All five bowlers here played their part in keeping the scoring rate down, the Lions only managing to increase the tempo during the final session thanks to Wright. Martin's first seven-over spell cost three runs and Oram began with five consecutive maidens, but when Robert Key and Michael Carberry reached lunch on 48 without loss off 29 overs a clatter of wickets didn't appear on the cards.
However, Key played across the line to Martin shortly after lunch to herald a collapse of 5 for 40. Five wickets in a session is not an unusual occurrence at The Rose Bowl but the pitches are now starting to calm down and this surface was blameless. When Key faced the New Zealanders a couple of weeks ago for Kent the visitors couldn't shift him as he made an unbeaten 178, but after a morning of hard graft he missed the chance to impress national selector Geoff Miller and coach Peter Moores. But so too did the rest of the top-order.
Martin is the closest New Zealand have to a strike bowler now that Shane Bond is no longer in the frame. His second wicket came when Owais Shah played a loose push outside off stump and he compounded the Lions' problems by claiming Matt Prior. It wasn't a great shot from Prior, who has been in sterling form for Sussex, as he almost guided the ball into the hands of How at gully.
Breaking up Martin's impressive trio, Southee removed Ravi Bopara, who dragged the ball into his stumps as he tried to leave. Southee has had a few back problems in the early stages of this tour and appeared slightly laboured during his two spells in the morning session. Brendon McCullum, standing in as captain for Vettori, didn't over bowl him but he looked a little short of Test readiness.
Carberry is known as a dashing opening batsman so his 41-ball 137 was one of the more dour innings he has played. It took him 65 balls to reach double figures, a cover drive in Patel's first over, and he couldn't break the shackles at any point. Frustration could have played a part in a limp dismissal when he chipped O'Brien to mid-on. Judged on this performance, it's no surprise that England's Test top order appears bullet proof.

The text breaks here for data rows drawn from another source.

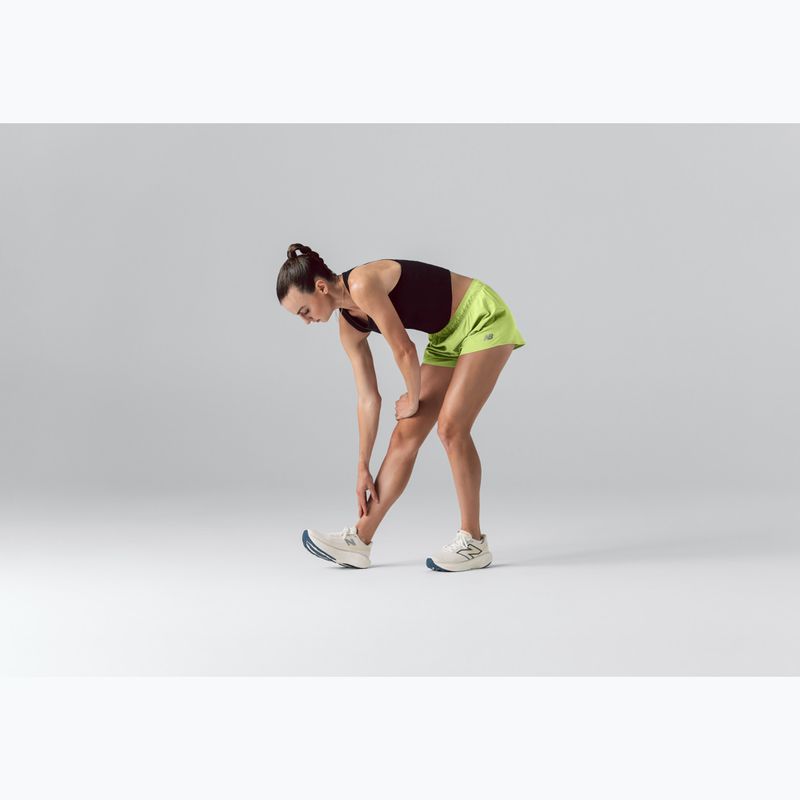 Дамски шорти New Balance RC Seamless 3" afterglow 12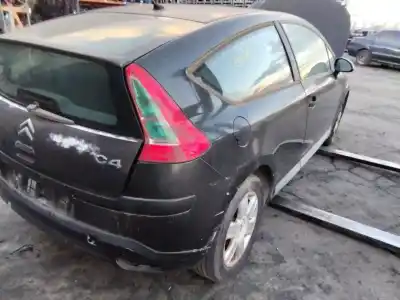 Veículo de Sucata citroen c4 coupe by loeb do ano 2001 alimentado 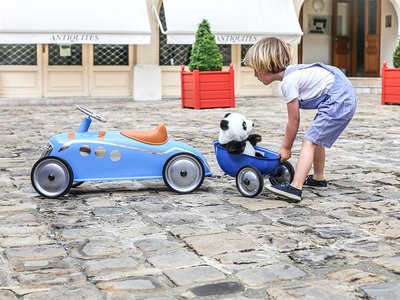 ماشین پایی کودک جایگزینی مناسب برای ماشین شارژی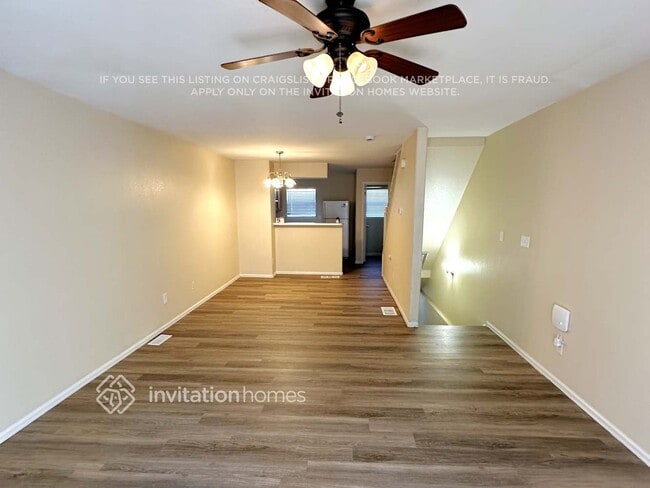 11812 E Kepner Dr in Aurora, CO - Foto de edificio - Building Photo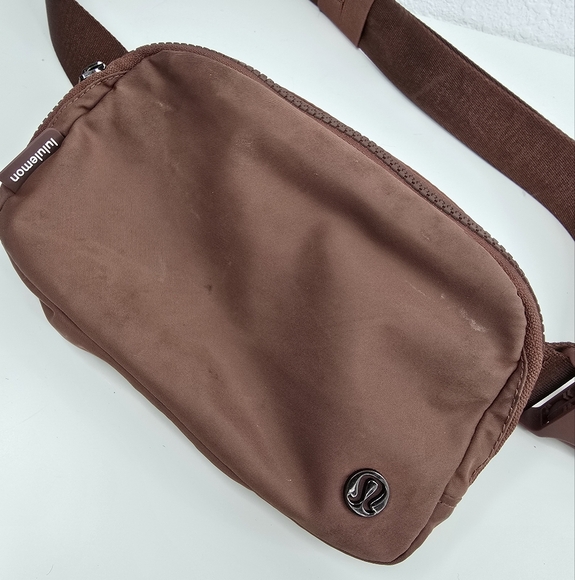 Lululemon Belt Bag - Picture 2 of 5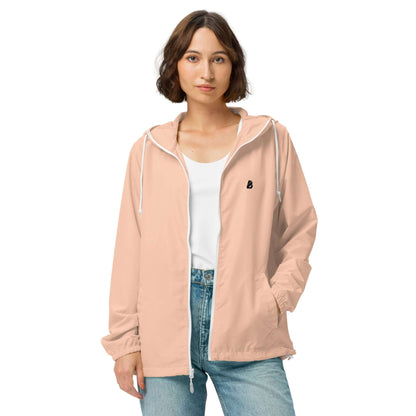 Leichter Unisex-Windbreaker mit Reißverschluss N°0 in Rosa, präsentiert von Frau. Wasserdicht und perfekt für Abenteuer.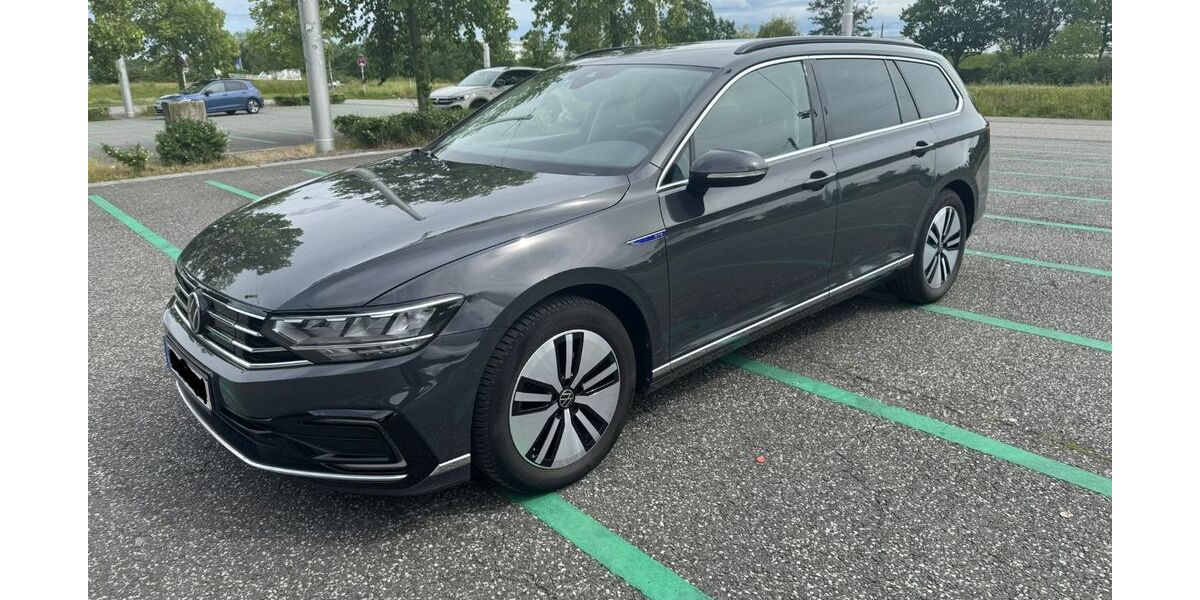 VW Passat 59.000 km 20.500 &euro; Osloß 38557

It fell to two of the allrounders, Wright and Adil Rashid, to begin the recovery process. Wright reined in his ultra-aggressive instincts at the outset although still managed to score more freely than his top-order colleagues. Rashid, whose batting is talked up almost as much as his bowling, was lucky to escape an lbw appeal on 0 but played with a straight bat as they added 81 for the seventh wicket. Oram broke through when Rashid drove low to extra cover and he soon added Graeme Swann with a dubious lbw and Chris Tremlett via a prod to the wicketkeeper. Wright, though, held firm and will have earned an extra tick in the selectors' notebook.